Ethics and Research Integrity
Ethics, at the first glance, is a really big and general word. The definition of “ethics” by Internet Encyclopedia of Philosophy is “systematizing, defending, and recommending concepts of right and wrong behavior”. The professional ethics we covered during the class should be categorized into “Applied Ethics”, such as political ethics, business ethics, and publication ethics. As young scholars, we PhD students should always keep the professional ethics in mind. The most important contents in AAUP-defined professional ethics, in my point of view, are to “seek and state the truth as they (we) see it” and to “exercise critical self–discipline and judgment in using, extending, and transmitting knowledge” while practicing “intellectual honesty”. With the guidance of professional ethics, we should follow this code of conduct and always do the right thing. However, as the research field goes highly competitive for limited research funds and the gradual increase of tenure-track position standard, some scholars, especially younger PhD students, are affected by perverse incentives, e.g. citation- and publication-focused evaluation system, and stray from ethical conduct. As a result, academic misconducts, biased research behavior and obscured research responsibilities is commonly seen nowadays. These scholars falsely believe that, by trading their research integrity, they can find a short cut to success, outcompete their peers, and stand out from the crowd. Temperorily they achieve much more than they actually deserve, and may enjoy enormous fame and spotlight. Once all the truth are found out, they will fall heavily from everything to nothing. Afterall, what goes around comes around.

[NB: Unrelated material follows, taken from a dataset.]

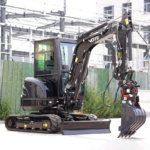 3.5 Ton Compact Mini Excavator for Construction Digging - CE Certified with Ergonomic Design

One research misconduct case I will analyze today happens in the field of Life Sciences. The research scholar named Kaushik Deb from University of Missouri-Columbia recklessly fabricated and falsified data reported in several papers submitted to Science and Nature. The major research misconduct include photomanipulating images and fabricating non-existing data to support the proposed theory and hypothesis in the scientific paper. In the field of life sciences, tedious research work usually pales the daily life with non-positive results. Researchers have to kill numerous mice and analyze hundreds of embryos on weekly basis, and often the case, negative results are usually obtained resulted from sample contamination and/or illogical experiment design as well as flawed operation steps. By using professional photo software, Dr. Deb obtained the perfect research results in consistent with the proposed hypothesis, leading to several publications on highly impacted journals. Ironically, the research will get more exposed if published on good journals, and peers will be more suspicious if reported phenomenon or data cannot be repeated in their own lab. Through careful investigation of Office of Research Integrity (ORI), all the manipulated results and images by Dr. Deb were revealed, and proper penalties has been implemented. It is such a shame that a well-educated PhD could perform unethically, and once in a while these cases always get the academia into deep thinking. Should we develop a more intellectual and self-adapted evaluation system to relieve the current intense competition based on quantitative metrics (i.e. impact factor, h-index)? Do academia need to foster so many PhDs to perform easy tasks that even an undergrads can do? On the individual perspective, we always remember the professional ethics and conduct research step by step. All our efforts will eventually pay off one way or another.